| 5 |

98 7 4
                                    

Je terminai par un rouge à lèvre rouge sang et défroissai légèrement le tissu noir de ma robe en passant mes mains sur le dessus.

Mes cheveux chutaient dans mon dos en de splendides ondulations. Mes talons de fortune que j'avais déniché d'une brocante ajoutaient un total de douze ou treize centimètres à ma taille, faisant paraître mes jambes plus longues.

Je me lançai un dernier regard à travers le miroir de ma salle de bain en ajustant les bijoux que j'avais autour du cou, des doigts et des poignets. Après un dernier souffle, j'attrapai mon sac et descendis les escaliers en silence. J'avais prévu de faire le mur. Comme j'avais souvent l'habitude de m'enfermer dans ma chambre, je l'avais fermée à clé afin de ne pas lui laisser la possibilité d'y entrer.

Je pris ma veste pendue à la rambarde des escaliers. À présent, j'allais devoir passer devant le salon afin de pouvoir m'extirper de la maison. Je fermai les yeux et passai d'une traite, la respiration entièrement hachée.

Plus que l'étape de la porte et nous y sommes ! me souffla ma conscience.

Je tournai la poignée et m'expulsai à l'extérieur. Aussitôt, la pression quitta mes épaules. Je vérifiai une dernière fois si mes clés étaient dans mon sac. Une fois rassurée, j'attrapais mon vélo et grimpai dessus.

Après une bonne dizaine de minutes à rouler dans les rues, j'arrivai enfin à destination. La musique bourdonnait contre le sol, faisant vibrer les cellules de mon corps. Des flash lumineux s'échappaient de la maison.

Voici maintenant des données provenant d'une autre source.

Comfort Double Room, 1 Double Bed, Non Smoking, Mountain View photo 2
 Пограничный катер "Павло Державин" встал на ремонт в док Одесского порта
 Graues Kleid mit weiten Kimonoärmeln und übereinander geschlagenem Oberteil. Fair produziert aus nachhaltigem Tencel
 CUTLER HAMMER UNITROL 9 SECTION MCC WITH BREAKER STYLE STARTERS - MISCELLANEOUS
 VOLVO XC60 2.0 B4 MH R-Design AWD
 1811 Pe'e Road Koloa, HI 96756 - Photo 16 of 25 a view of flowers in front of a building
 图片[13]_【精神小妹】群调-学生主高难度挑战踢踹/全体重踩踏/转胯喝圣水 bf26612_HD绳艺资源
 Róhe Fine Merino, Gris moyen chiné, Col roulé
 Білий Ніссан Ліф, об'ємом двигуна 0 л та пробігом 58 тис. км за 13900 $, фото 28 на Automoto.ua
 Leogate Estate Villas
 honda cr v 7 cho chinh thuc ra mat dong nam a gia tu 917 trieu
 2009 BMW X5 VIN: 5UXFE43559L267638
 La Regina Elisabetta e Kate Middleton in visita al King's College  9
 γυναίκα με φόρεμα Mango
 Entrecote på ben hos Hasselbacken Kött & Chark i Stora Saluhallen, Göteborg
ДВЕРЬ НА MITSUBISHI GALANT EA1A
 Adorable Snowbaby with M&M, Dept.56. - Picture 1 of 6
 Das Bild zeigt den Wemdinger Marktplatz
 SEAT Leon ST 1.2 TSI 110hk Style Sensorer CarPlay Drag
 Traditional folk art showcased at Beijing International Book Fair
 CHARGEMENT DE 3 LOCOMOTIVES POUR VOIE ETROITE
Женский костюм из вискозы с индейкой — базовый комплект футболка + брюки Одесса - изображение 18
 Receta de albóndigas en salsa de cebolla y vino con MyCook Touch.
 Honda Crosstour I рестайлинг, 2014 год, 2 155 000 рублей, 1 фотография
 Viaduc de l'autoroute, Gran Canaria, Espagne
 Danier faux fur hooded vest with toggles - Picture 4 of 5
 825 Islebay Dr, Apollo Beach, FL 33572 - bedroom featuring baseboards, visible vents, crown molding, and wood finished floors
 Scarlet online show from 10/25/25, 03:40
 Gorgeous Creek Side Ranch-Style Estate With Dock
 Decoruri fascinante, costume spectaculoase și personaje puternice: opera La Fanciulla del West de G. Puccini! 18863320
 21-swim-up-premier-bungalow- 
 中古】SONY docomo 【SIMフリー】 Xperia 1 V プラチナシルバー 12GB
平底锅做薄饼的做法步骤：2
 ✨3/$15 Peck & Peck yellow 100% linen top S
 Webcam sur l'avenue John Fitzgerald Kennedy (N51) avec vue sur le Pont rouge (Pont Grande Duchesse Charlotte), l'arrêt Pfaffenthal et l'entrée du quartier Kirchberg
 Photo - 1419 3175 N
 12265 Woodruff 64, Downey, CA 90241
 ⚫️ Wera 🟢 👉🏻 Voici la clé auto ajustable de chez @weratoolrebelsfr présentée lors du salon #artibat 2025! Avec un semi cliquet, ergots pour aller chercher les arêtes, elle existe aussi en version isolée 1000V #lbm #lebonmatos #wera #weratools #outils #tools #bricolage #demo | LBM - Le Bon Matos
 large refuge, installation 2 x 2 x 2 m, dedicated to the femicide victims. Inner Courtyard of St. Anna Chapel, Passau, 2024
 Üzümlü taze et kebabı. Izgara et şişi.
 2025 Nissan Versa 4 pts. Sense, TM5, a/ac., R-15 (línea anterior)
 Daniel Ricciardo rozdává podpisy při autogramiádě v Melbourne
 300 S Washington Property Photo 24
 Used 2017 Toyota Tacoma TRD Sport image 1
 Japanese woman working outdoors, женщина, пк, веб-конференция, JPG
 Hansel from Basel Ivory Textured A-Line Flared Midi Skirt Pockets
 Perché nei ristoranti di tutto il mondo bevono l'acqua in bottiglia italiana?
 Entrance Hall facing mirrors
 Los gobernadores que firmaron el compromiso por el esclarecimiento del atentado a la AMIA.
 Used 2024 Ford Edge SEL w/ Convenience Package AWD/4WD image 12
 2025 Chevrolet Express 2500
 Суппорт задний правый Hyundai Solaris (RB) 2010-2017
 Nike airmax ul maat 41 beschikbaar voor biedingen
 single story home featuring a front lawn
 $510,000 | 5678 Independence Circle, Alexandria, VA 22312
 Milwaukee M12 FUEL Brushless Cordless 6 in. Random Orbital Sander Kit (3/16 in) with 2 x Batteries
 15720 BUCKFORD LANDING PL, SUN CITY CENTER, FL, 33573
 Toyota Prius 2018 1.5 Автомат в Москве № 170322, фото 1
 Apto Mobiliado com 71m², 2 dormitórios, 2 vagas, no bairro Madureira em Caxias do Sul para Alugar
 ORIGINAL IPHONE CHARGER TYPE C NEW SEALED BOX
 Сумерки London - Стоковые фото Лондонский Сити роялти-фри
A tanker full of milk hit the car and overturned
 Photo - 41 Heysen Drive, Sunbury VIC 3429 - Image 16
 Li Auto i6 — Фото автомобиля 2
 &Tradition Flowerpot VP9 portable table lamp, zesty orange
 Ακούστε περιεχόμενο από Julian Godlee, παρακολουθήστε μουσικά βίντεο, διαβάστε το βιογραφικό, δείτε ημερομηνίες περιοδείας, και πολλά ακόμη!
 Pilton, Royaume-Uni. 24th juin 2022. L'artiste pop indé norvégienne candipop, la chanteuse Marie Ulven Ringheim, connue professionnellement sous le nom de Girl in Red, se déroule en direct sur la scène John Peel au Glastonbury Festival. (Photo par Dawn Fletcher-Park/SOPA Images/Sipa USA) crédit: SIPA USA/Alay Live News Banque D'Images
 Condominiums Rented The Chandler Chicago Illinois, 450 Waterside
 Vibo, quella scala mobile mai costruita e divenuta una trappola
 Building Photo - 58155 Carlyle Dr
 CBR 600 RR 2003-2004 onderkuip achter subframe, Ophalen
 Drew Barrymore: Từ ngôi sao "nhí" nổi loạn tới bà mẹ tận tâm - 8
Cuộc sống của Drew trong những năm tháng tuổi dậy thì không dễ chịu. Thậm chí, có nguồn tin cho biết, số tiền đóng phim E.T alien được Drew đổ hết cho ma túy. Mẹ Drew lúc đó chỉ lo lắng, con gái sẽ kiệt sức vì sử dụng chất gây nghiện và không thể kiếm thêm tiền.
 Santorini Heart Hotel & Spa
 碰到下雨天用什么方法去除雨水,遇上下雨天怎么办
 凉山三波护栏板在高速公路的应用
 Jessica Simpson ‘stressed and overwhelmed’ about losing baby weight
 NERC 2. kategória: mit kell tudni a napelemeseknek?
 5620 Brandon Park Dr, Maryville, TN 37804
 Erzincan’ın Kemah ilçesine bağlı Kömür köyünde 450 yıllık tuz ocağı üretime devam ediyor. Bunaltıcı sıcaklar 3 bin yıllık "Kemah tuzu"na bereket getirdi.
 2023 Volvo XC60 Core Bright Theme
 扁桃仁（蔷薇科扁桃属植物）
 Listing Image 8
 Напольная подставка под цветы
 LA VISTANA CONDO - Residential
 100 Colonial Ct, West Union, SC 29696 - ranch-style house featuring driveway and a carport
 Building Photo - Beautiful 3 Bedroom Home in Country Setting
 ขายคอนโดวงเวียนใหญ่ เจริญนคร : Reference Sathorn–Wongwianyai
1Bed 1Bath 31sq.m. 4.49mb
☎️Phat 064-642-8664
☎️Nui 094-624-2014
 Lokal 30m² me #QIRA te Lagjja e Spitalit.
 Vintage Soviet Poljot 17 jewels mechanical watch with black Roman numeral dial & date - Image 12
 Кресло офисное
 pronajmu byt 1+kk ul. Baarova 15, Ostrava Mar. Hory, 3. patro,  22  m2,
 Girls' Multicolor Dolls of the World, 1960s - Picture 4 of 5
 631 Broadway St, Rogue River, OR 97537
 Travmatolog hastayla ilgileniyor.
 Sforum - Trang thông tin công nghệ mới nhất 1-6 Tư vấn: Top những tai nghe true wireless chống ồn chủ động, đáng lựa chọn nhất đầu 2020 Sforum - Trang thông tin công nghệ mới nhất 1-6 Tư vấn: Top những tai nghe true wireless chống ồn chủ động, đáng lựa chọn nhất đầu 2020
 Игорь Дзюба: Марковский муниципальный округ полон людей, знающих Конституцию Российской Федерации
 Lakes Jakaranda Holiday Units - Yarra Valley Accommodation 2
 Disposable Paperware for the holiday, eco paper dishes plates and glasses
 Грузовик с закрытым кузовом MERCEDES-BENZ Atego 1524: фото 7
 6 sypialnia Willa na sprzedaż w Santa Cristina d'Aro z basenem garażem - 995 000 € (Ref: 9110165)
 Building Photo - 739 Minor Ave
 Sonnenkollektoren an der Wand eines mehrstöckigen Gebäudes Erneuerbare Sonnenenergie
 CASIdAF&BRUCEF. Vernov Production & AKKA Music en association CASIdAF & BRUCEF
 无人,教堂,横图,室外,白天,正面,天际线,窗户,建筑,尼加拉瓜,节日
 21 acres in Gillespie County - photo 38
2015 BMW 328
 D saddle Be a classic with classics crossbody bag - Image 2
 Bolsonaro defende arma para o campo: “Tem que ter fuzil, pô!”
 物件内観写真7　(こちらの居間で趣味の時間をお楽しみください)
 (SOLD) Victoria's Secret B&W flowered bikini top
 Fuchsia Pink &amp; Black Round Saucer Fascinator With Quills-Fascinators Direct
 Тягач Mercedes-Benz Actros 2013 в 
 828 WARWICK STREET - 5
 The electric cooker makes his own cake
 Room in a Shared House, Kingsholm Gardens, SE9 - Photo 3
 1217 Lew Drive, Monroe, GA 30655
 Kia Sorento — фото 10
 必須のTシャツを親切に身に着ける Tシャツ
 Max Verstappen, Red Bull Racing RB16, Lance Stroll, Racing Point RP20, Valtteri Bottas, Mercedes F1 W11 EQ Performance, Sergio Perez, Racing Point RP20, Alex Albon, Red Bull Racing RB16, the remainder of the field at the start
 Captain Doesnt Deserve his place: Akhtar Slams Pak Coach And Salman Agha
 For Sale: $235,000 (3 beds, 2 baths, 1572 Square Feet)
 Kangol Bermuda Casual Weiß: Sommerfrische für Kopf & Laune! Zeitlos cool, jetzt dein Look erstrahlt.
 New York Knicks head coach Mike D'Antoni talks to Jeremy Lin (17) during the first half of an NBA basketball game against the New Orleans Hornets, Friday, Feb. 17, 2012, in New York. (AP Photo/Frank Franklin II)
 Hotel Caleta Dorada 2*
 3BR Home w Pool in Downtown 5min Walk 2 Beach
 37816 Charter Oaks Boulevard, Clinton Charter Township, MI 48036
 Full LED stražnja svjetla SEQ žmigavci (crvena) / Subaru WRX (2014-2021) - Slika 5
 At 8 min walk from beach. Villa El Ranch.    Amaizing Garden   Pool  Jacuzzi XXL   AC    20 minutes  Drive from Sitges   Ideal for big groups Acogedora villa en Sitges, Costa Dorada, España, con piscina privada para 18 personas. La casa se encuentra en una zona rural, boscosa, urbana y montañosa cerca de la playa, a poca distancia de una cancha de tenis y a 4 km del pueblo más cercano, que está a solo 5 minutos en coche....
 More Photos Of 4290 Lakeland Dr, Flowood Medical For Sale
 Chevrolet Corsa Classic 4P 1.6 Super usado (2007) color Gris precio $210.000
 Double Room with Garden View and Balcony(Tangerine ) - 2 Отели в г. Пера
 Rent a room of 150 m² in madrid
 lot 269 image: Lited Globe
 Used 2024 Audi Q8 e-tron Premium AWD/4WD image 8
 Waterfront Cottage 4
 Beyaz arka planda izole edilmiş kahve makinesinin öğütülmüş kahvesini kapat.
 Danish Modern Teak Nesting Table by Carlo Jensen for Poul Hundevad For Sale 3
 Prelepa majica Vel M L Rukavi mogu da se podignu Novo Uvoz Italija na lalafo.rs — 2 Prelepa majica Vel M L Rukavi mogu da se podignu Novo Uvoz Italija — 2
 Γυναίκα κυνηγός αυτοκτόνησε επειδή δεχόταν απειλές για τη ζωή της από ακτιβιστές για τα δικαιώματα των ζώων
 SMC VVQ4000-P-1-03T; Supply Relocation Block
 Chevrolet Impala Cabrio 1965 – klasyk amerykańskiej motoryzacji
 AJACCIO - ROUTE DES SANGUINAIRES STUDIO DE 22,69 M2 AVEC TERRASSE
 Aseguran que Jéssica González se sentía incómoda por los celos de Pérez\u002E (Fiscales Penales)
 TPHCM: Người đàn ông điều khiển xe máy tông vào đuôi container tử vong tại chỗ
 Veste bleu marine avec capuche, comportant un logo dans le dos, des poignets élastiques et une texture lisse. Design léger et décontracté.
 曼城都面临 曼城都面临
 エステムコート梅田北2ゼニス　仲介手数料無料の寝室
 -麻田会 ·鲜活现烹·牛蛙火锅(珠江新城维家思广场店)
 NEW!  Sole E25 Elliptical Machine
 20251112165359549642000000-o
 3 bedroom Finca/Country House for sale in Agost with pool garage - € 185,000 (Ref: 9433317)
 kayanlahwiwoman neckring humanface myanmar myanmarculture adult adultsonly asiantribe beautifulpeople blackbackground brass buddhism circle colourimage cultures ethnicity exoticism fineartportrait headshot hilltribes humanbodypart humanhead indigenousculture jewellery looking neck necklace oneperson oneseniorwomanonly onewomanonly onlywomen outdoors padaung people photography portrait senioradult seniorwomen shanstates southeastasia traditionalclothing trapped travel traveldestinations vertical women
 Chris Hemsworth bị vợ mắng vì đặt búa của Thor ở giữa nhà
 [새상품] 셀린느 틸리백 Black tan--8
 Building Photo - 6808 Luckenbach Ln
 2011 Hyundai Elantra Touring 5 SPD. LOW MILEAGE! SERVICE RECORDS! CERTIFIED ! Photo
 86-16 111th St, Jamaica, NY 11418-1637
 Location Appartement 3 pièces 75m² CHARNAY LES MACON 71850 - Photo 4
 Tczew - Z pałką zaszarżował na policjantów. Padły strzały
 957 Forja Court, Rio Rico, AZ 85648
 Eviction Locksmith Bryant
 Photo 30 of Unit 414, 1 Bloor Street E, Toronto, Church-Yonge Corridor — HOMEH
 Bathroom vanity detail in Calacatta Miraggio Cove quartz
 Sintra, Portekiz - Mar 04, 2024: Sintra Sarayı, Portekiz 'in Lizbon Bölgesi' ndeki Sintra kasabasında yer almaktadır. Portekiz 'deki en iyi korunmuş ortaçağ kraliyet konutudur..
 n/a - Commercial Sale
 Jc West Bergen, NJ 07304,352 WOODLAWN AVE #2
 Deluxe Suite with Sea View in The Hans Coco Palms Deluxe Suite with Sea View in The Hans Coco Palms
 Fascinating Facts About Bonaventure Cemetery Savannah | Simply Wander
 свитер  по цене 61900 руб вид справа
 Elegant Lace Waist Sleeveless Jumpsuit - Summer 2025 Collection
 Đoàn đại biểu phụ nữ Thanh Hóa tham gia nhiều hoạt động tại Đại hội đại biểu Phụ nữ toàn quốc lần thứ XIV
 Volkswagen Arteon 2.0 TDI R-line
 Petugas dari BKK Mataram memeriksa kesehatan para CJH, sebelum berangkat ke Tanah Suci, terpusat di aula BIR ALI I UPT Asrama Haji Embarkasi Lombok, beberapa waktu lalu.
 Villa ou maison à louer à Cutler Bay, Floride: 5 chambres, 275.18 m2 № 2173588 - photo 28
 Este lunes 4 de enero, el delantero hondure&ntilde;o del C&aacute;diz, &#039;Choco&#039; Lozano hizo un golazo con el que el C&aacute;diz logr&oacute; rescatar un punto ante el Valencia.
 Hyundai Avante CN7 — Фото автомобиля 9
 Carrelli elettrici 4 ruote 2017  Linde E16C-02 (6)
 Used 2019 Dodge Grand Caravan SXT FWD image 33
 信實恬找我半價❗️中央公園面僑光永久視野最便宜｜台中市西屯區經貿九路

Prête à me défiler, je remontai sur ma bicyclette toute rouillée. Ma conscience me hurlait de rester. De ne pas fuir comme je le faisais si souvent. Et pour une fois, j'avais envie de m'amuser, penser à autre chose que ma vie pathétiquement morose.

Décidée, je calai mon deux roues contre la murette et entrai dans la propriété. Je remarquai soudainement que les hommes armés ne protégeaient plus la résidence.

Une fois à l'intérieur, le brouhaha s'ancrait à mes tympans créant une symphonie désagréable dans tout mon corps. Des personnes se dandinaient au milieu du salon. Plus je m'enfonçais dans la villa, plus je découvrais des têtes. Une chose était certaine : nous étions plus que soixante-dix.

Les gens autour riaient, buvaient, dansaient, fumaient, s'embrassaient ou d'autres se disputaient.

Après m'être servi un verre d'alcool que je sirotais, je partis à mon tour danser. Je dansais dans me soucier du monde autour, je m'amusais. Earned It de The weeknd bourdonnait dans les enceintes.

J'avalai d'une traite mon verre afin de vivre cette putain de chanson comme elle le méritait. Je basculais mon corps dans tous les sens, jusqu'à sentir des yeux effleurer ma peau. Non, pas effleurer, plutôt fixer. J'avais cette sensation d'être observée. Quand ce fut presque désagréable, j'interrompis ma danse et cherchais le propriétaire de ces deux yeux qui me dévoraient du regard.

C'est que lorsque je vis sa silhouette au loin que je devinais. C'était lui. C'était Arès qui avait son putain de regard braqué sur moi. Il avait toujours ce même visage fermé, les sourcils habituellement froncés. Il contracta sa mâchoire trahissant l'agacement qu'il portait face à ma présence.

Mal à l'aise, je ne terminai pas ma danse et partis m'asseoir sur le canapé auquel personne n'avait posé ne serait-ce qu'un doigt depuis mon arrivée.

Alors que je posai à peine une fesse dessus, j'entendis :

-Ouhou ! Action ou vérité !

Après ça, tous les regards me dévoilaient au grand jour. Au loin, je vis Arès se rapprocher dangereusement vers moi. Il me tira le bras et nous guida dans la cuisine.